Re: [9fans] Calling vac from C

2009-02-20 Thread Uriel
One of the main costs of dynamic linking is making fork much slower.
Even on linux statically linked binaries fork a few magnitude orders
faster than dynamically linked ones.

The main source of anti-fork FUD turns out to be the alleged
'solution' to a problem that didn't exist until the geniuses at Sun
decided dynamic linking was such a wonderful idea.
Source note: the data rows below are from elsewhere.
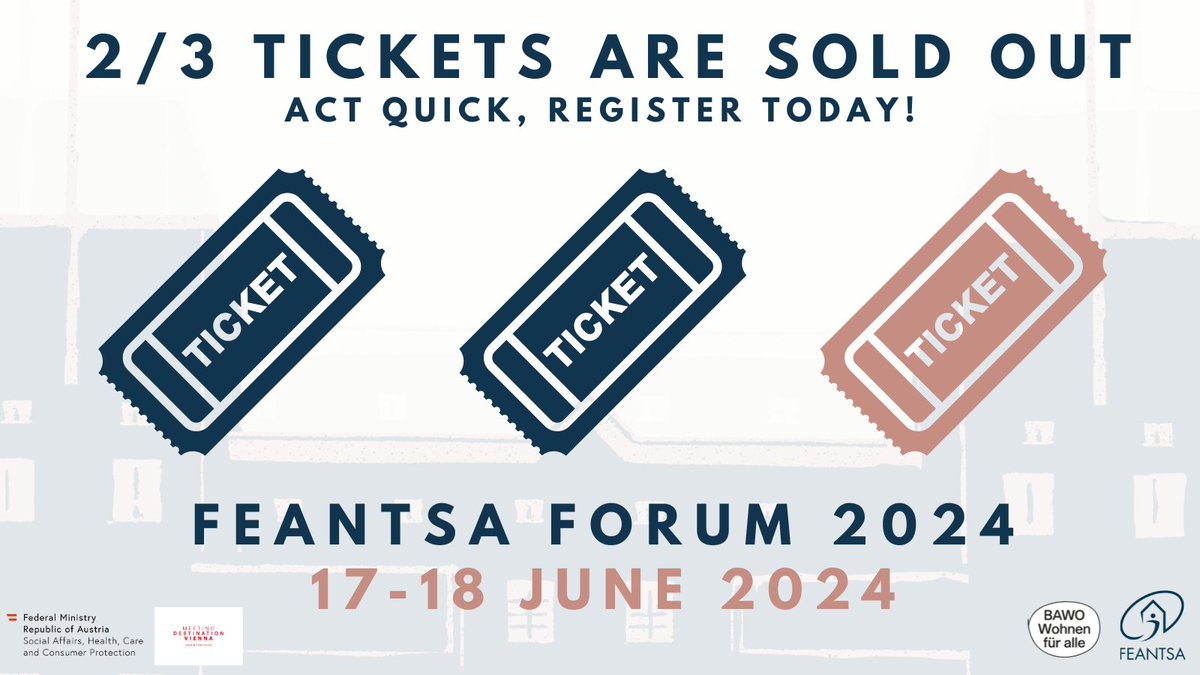 ⌛️Time's running out! Over two-thirds of tickets for #FEANTSAForum24 are already gone. Connect with experts from all over Europe and beyond, share insights, and help steer the direction of #homelessness strategies and support. Don't miss out! 🔗 bit.ly/3QkkELk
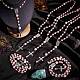 Collar de cuentas de rosario de perlas de vidrio y resina NJEW-PH01473-4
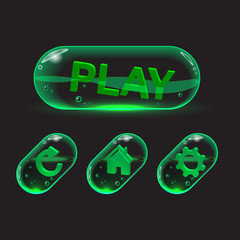 Set of buttons in the form of green transparent capsules for game interfaces. Vector GUI elements for mobile games. Isolated on dark background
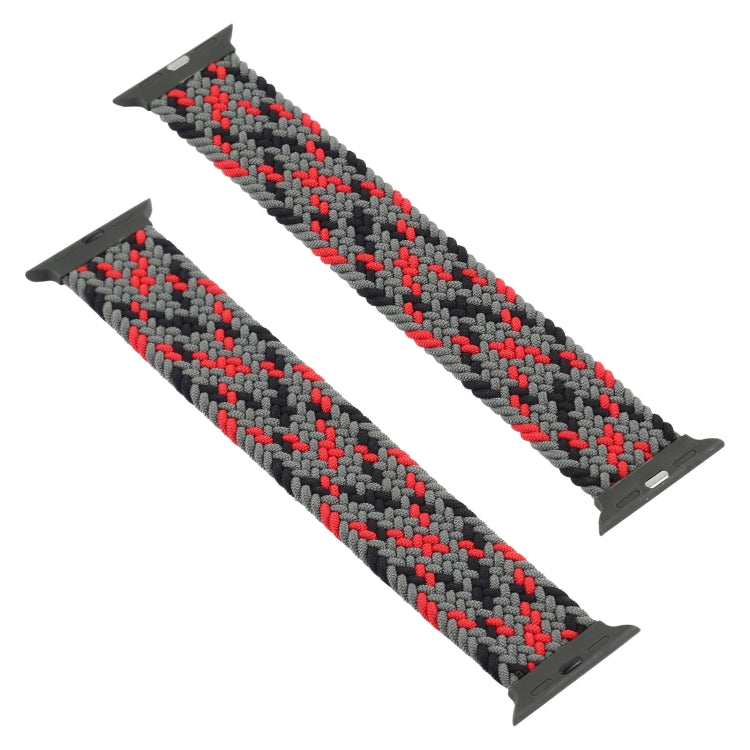 Plastic Buckle Mixed Color Nylon Braided Single Loop Watch Band For Apple Watch Series 9&8&7 41mm / SE 3&SE 2&6&SE&5&4 40mm / 3&2&1 38mm, Size:XL(Camouflage Green) by bashfashion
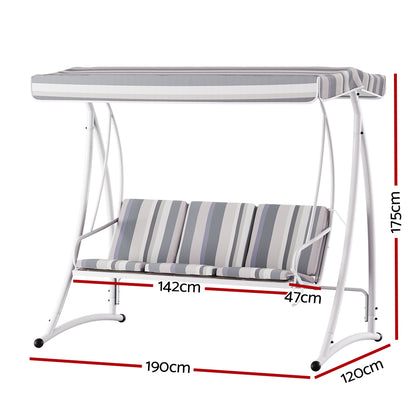 Gardeon Outdoor Swing Chair Garden Bench 3 Seater Canopy Cushion Furniture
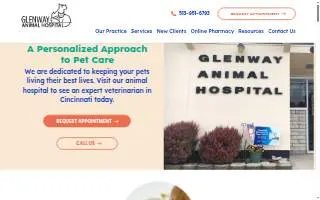 Glenway Animal Hospital website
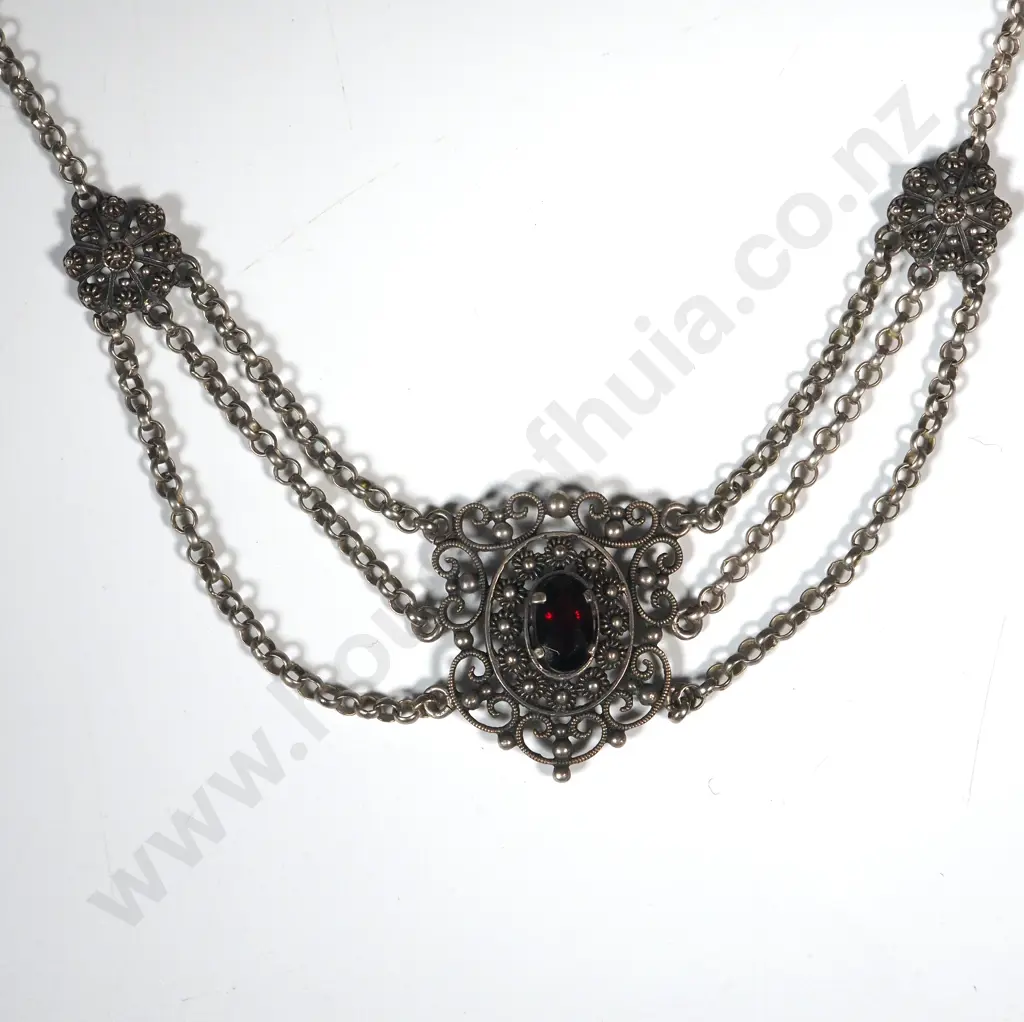 Edwardian Swag Style Sterling Silver Choker Necklace with Central Oval Red Stone Image 1++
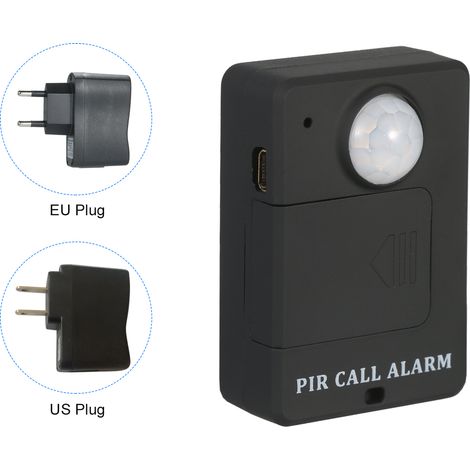 Mini alarme de sécurité infrarouge passif avec télécommande et fonction de surveillance vocale, détecteur de mouvement PIR, GSM et télécommande sans fil. (1/5)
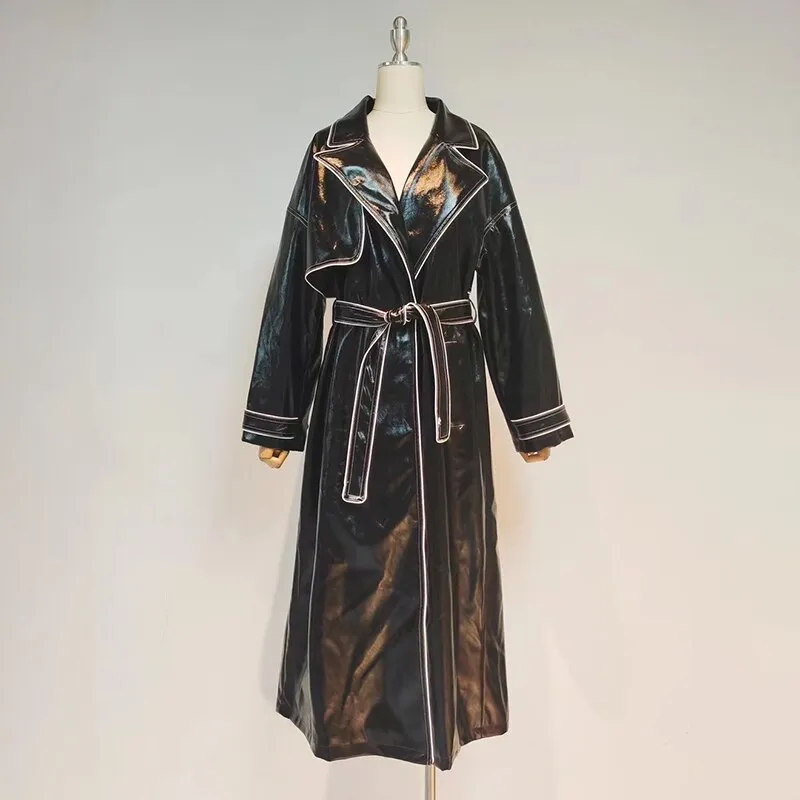 Females Lapel Long Sleeve Casual Loose  Coat
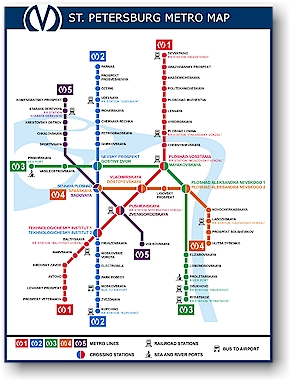 plan der metro in sankt petersburg, RU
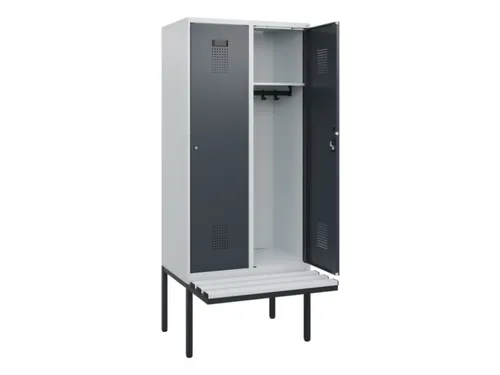 locker met bank,HxBxD 1950x800x815mm,2vak,vak B 400mm,cilinderslot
On linux with ancient hardware one can do hundreds of forks per second
without any problems, it works great for werc[1], and it is amusing to
see people inventing hacks like fcgi and writing pthreaded web servers
to avoid as much as one fork call per request, when making hundreds of
them is a non-issue.

An example of how one mistake in systems design(introduction of
dynamic linking) leads to even greater mistakes down the road
(pthreads, fcgi, all kinds of hacks to avoid fork), and people never
steps back to think if the original design decision was really worth
it.

Peace

uriel

[1]: http://werc.cat-v.org

On Fri, Feb 20, 2009 at 4:41 PM, erik quanstrom quans...@quanstro.net wrote:
 I believe that
 1) Its too much trouble parsing the output everytime.

 i don't buy that.  that takes very little code.  since you
 have evidently already written the code, the cost
 is zero.

 (if you're worried about runtime, i measure parsing
 time at 338ns on a core i7 920.  cf. attached digestspd.c)

 2) Calling some function from an included library will be faster.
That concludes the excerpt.